__Exercise__:
Beginning with the line that holds "ソファ3人掛け二人掛けヴィン", copy each line through the end of the material below, exactly and with no pictures.

_ _ _ _

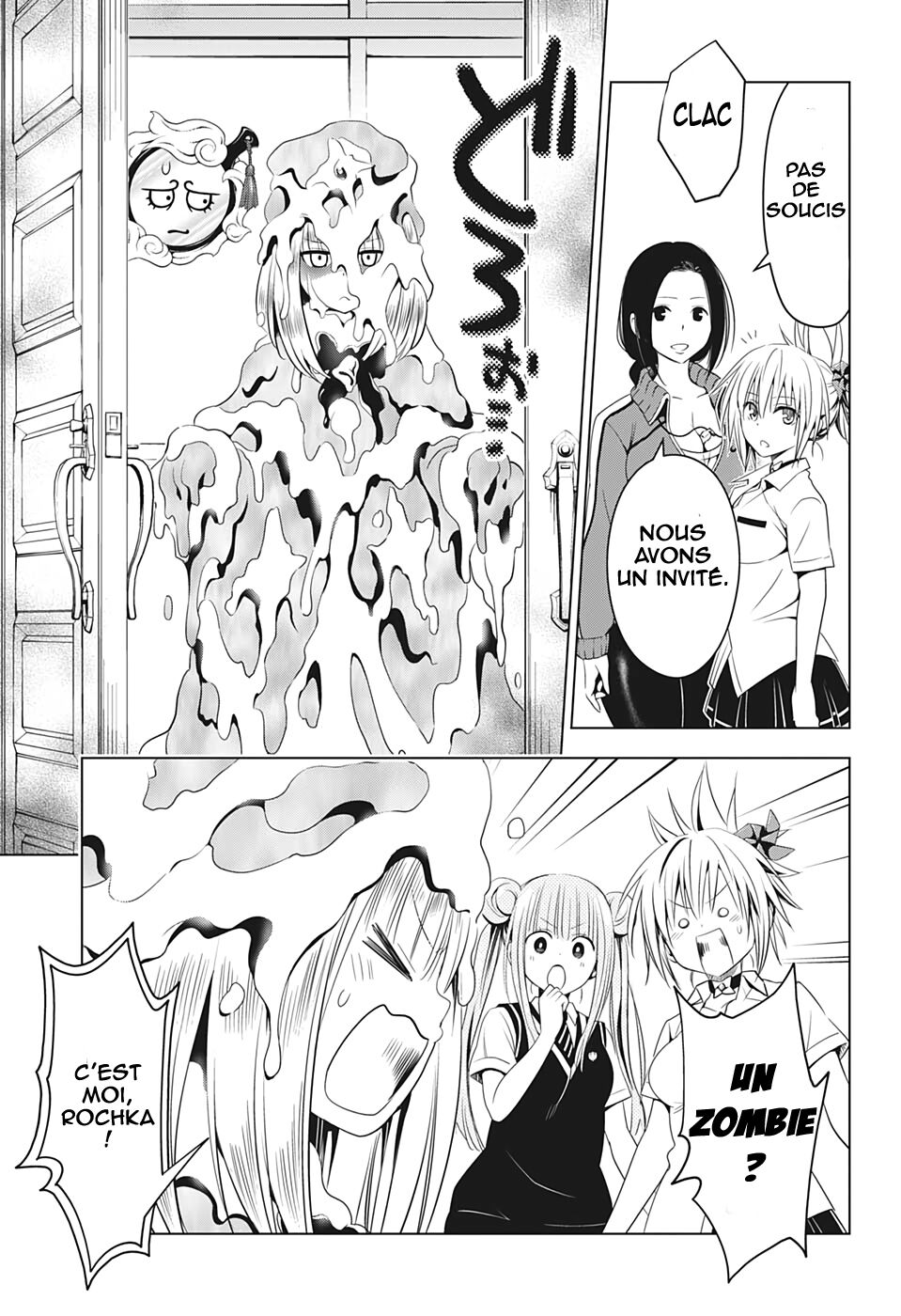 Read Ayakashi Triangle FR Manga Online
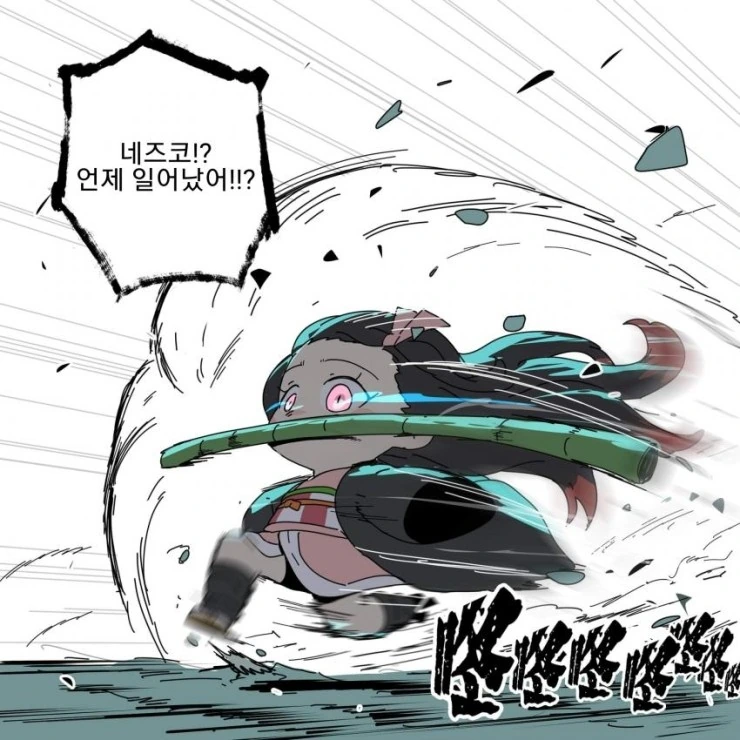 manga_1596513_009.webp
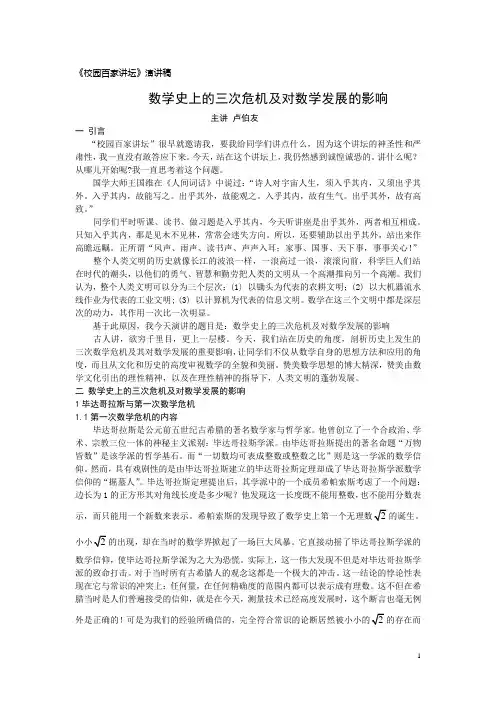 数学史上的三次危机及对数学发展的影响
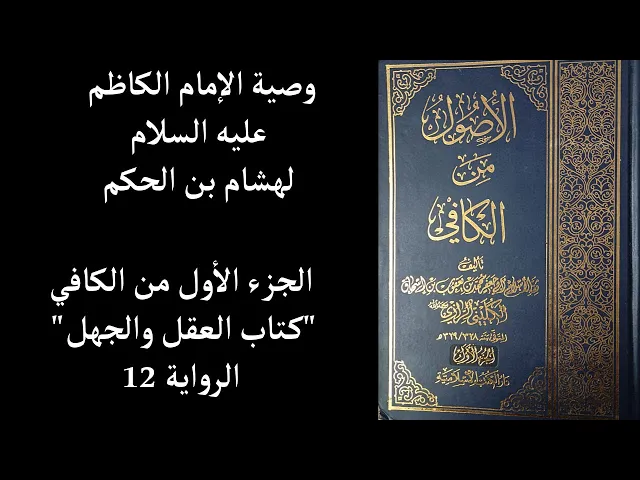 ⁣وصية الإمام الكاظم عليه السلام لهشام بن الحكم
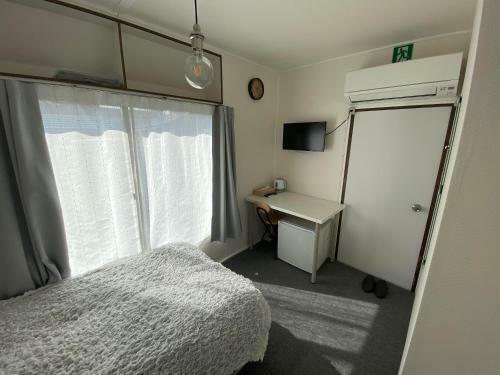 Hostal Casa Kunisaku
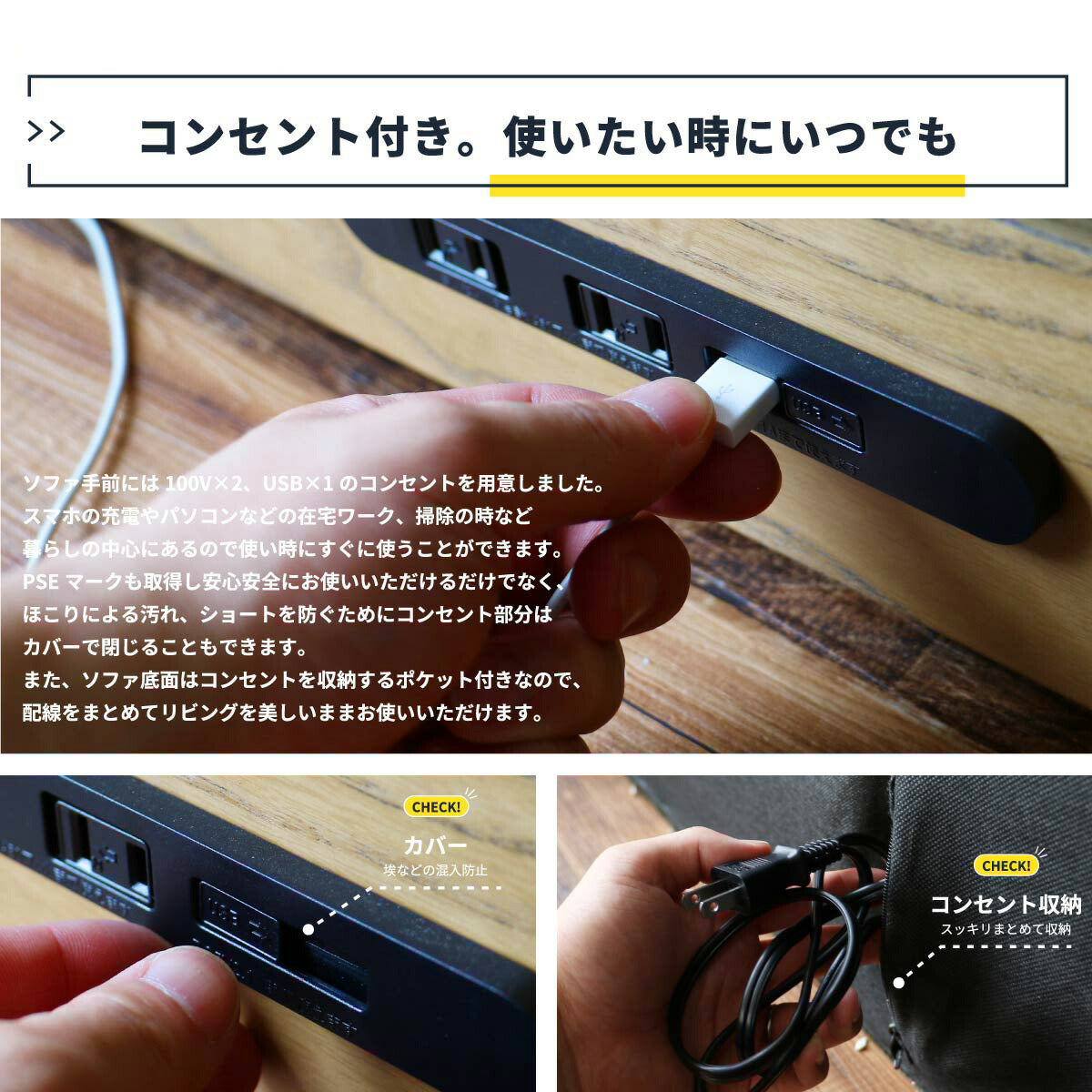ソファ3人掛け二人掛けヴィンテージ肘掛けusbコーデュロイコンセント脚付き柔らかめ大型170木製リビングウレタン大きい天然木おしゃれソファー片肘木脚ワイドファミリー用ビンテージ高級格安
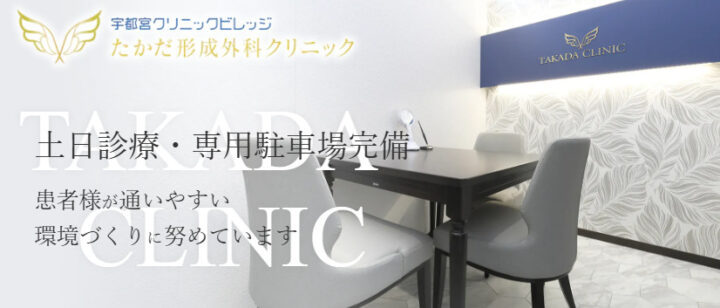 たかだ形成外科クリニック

_ _ _ _

__Solution for this exercise__:
ソファ3人掛け二人掛けヴィンテージ肘掛けusbコーデュロイコンセント脚付き柔らかめ大型170木製リビングウレタン大きい天然木おしゃれソファー片肘木脚ワイドファミリー用ビンテージ高級格安
 たかだ形成外科クリニック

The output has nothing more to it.